- **WHAT TO PRODUCE**: The whole listing should be retyped word for word, apart from the pictures it holds.

- **DATA PROVIDED**:
---*---

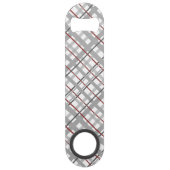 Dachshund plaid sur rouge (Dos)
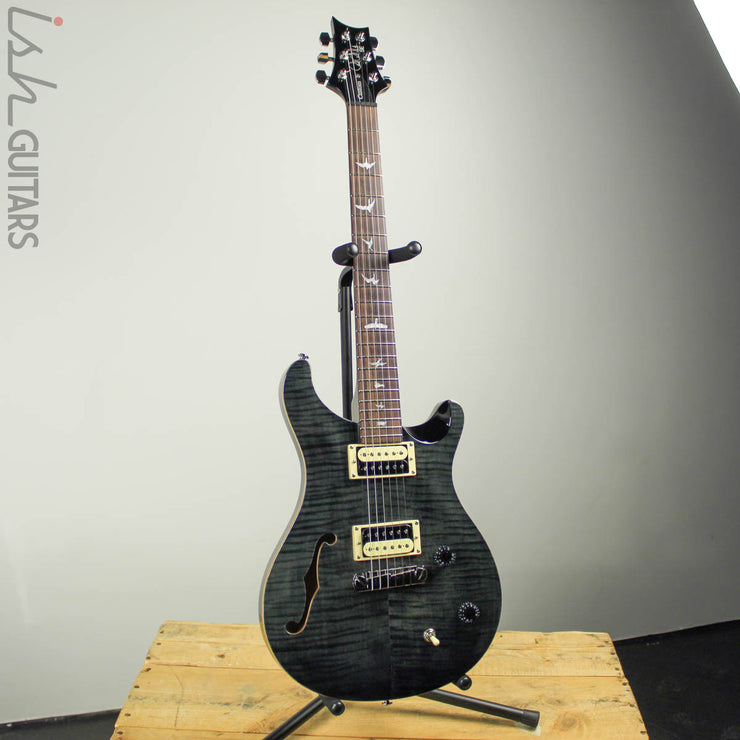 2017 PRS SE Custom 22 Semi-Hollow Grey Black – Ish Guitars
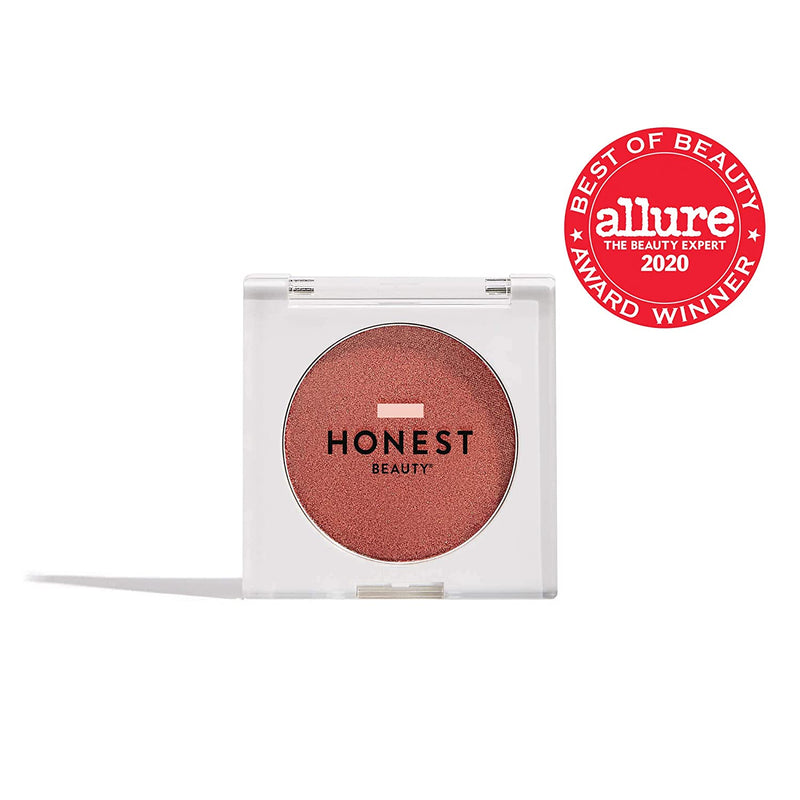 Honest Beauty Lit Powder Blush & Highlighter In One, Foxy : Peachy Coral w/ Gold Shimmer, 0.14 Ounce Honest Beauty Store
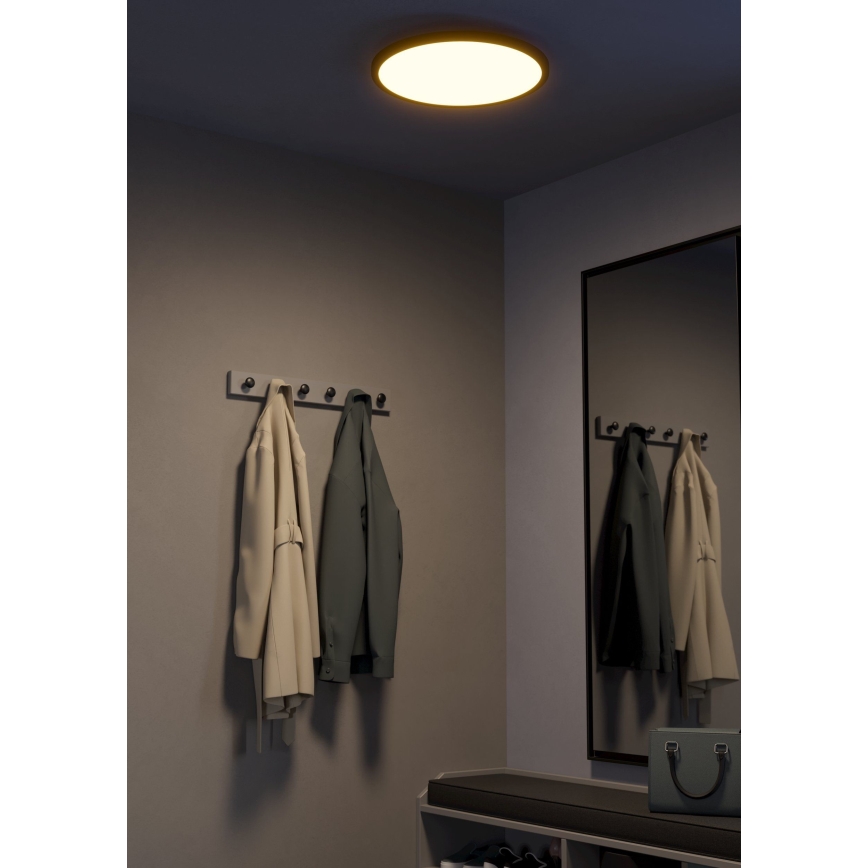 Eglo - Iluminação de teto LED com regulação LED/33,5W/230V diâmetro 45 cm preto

---*---

- **EXERCISE RESULT**:
 Dachshund plaid sur rouge (Dos)
 2017 PRS SE Custom 22 Semi-Hollow Grey Black – Ish Guitars
 Honest Beauty Lit Powder Blush & Highlighter In One, Foxy : Peachy Coral w/ Gold Shimmer, 0.14 Ounce Honest Beauty Store
 Eglo - Iluminação de teto LED com regulação LED/33,5W/230V diâmetro 45 cm preto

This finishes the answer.